Setelah tindakan pengabaian tak juga
membawa hasil, barulah terakhir menginjak ke tahapan fisik. Hal ini pun Allah
perbolehkan dijadikan sebagai tahapan akhir, dengan catatan bahwa pukulan yang
diberikan tidaklah sampai membekas, yang berarti pukulan itu tidaklah terlalu
keras dan tidak terlalu menyakitkan.
Demikian pula terhadap mendidik anak
apabila melakukan pelanggaran baik menyangkut norma agama maupun masyarakat.
Usaha pertama yang dilakukan adalah dengan lemah lembut dan menyentuh perasaan
anak didik. Jika dengan usaha itu belum berhasil maka pendidik bisa menggunakan
hukuman pengabaian dengan mengabaikan atau mengacuhkan anak didik. Jika hukuman
psikologis itu tidak belum juga berhasil maka pendidik bisa menggunakan
pukulan.[13]
Adapun perintah mendidik anak, telah
ditegaskan oleh Nabi Muhammad Saw yang berbunyi:
عن عمر و بن سعيب عن ا بيه عن جد ه قا
ل: قا ل ر سو ل لله صلي ا لله عليه و سلم مرو ا لا د كم با لصلاة و هم ا بنا ء سبع
سنين, وا ضربو هم عليها و هم ا بنا ء عشر, و فر قو ا بينهم فى المضا جع
“Dari Amr bin Syu’aib ayahnya dari
kakeknya bahwa Rasulullah Saw pernah berkata suruhlah anak-anakmu melakukan
shalat sejak usia tujuh tahun dan Pukullah jika tidak mau sholat di usia
sepuluh tahun, serta pisahkan tempat tidur mereka.” (HR. Dawud)[14]
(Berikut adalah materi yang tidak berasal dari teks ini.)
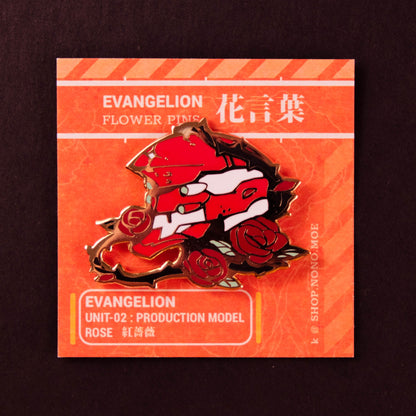 Evangelion - Unit-02 Enamel Pin
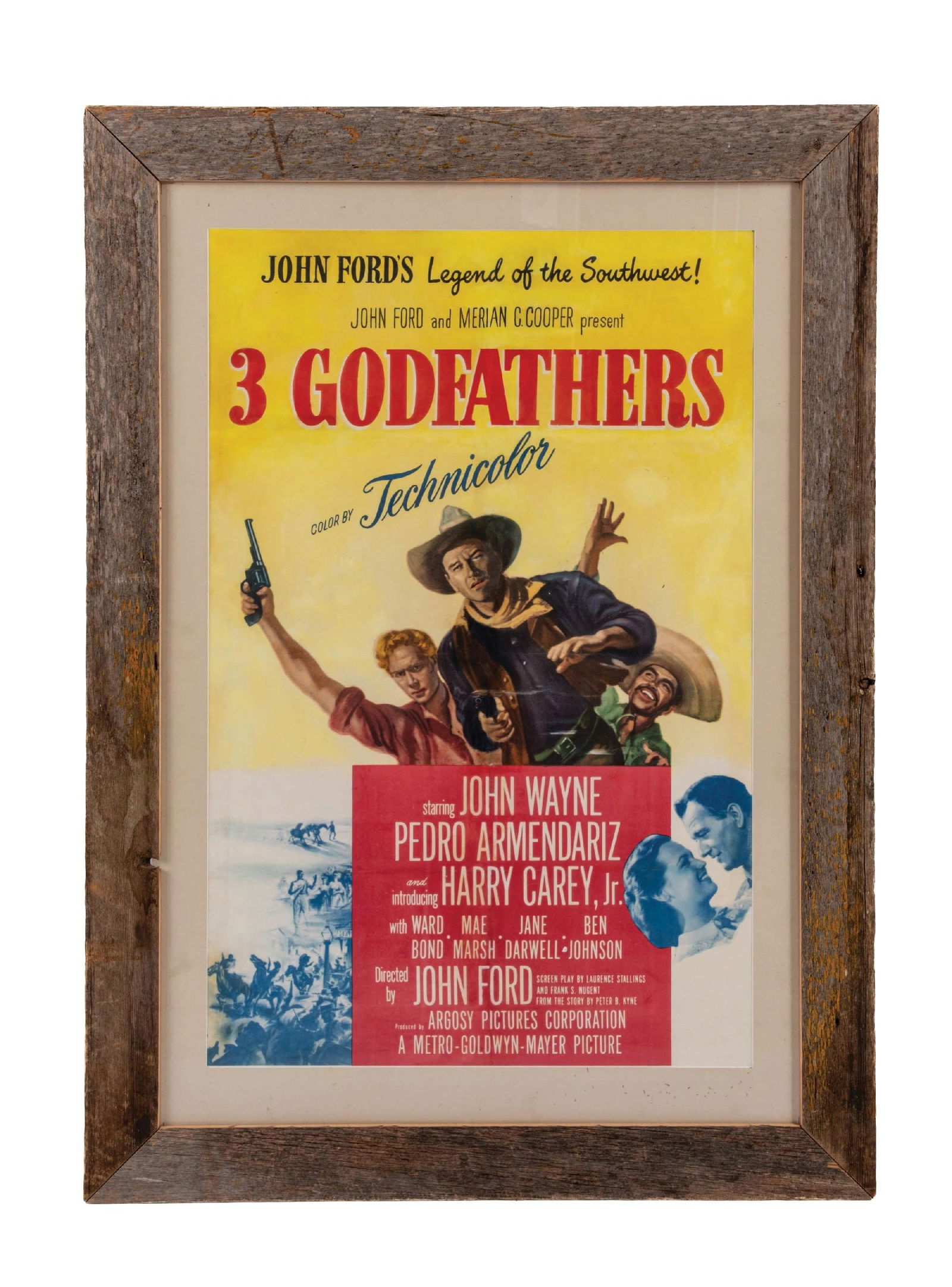 1948 JOHN WAYNE "3 GODFATHERS" 1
Dari Firman Allah Saw dan hadist
Nabi Muhammad Saw, kita dapat menjadikannya sebagai dasar hukum pemberian
hukuman dalam pendidikan Islam.
- 3. Tujuan Hukuman dalam Pendidikan Islam
Apa sebenarnya tujuan orangtua dan
pendidik ketika memberikan hukuman pada anak? Ini bukanlah persoalan yang
ringan, karena dari beerapa kasus di awal pembahasan tadi, ternyata masih
banyak orang yang menghukum anak dengan tujuan yang salah. Bahkan ada yang
menghukum anak hanya sebagai pelampiasan emosi sesaat saja. Dalam kondisi ini,
Irawati Istadi mengatakan bahwa tujuan sebenarnya dari pemberian hukuman adalah
menginginkan adanya penyadaran agar anak tidak lagi melakukan kesalahan.[15]
M. Mgalim Purwanto
mengklasifikasikan tujuan hukuman berkaitan dengan pendapat orang tentang
teori-teori hukuman, yaitu:
- Teori Pembalasan
Menurut teori ini, hukuman diadakan sebagai
pembalasan dendam terhadap pelanggaran yang telah dilakukan seseorang.
- Teori Perbaikan
Menurut teori ini, hukuman diadakan
untuk membasmi kejahatan yaitu untuk memperbaiki si pelanggar agar jangan
berbuat kesalahan semacam itu lagi.
- Teori Pelindungan
Menurut teori ini, hukuman diadakan
ntuk melindungi masyarakat dari perbuatan-perbuatan yang tidak wajar.
- Teori Ganti Kerugian
Menurut teori ini, hukuman diadakan
untuk mengganti kerugian-kerugian yang telah diderita akibat dari kejahatan
atau pelanggaran itu.
- Teori Menakut-nakuti
Menurut teori ini, hukuman diadakan
untuk menimbulkan perasaan takut kepada si pelanggar akan akibat perbuatannya
yang melanggar itu sehingga ia akan selalu takut melakukan perbuatan itu dan
mau meninggalkannya.
Dari uraian di atas, dapat
disimpulkan bahwa tiap teori itu masih belum lengkap karena masing-masing hanya
mencakup satu aspek saja. Tiap-tiap teori tadi saling membutuhkan kelengkapan
dari teori yang lain.
Sedangkan tujuan hukuman menurut M.
Arifin ada dua, yaitu:
- Membangkitkan perasaan tanggung jawab manusia didik. Hukuman di sini merupakan ancaman terhadap rasa aman yang merupakan kebutuhan pokok anak didik dalam belajar.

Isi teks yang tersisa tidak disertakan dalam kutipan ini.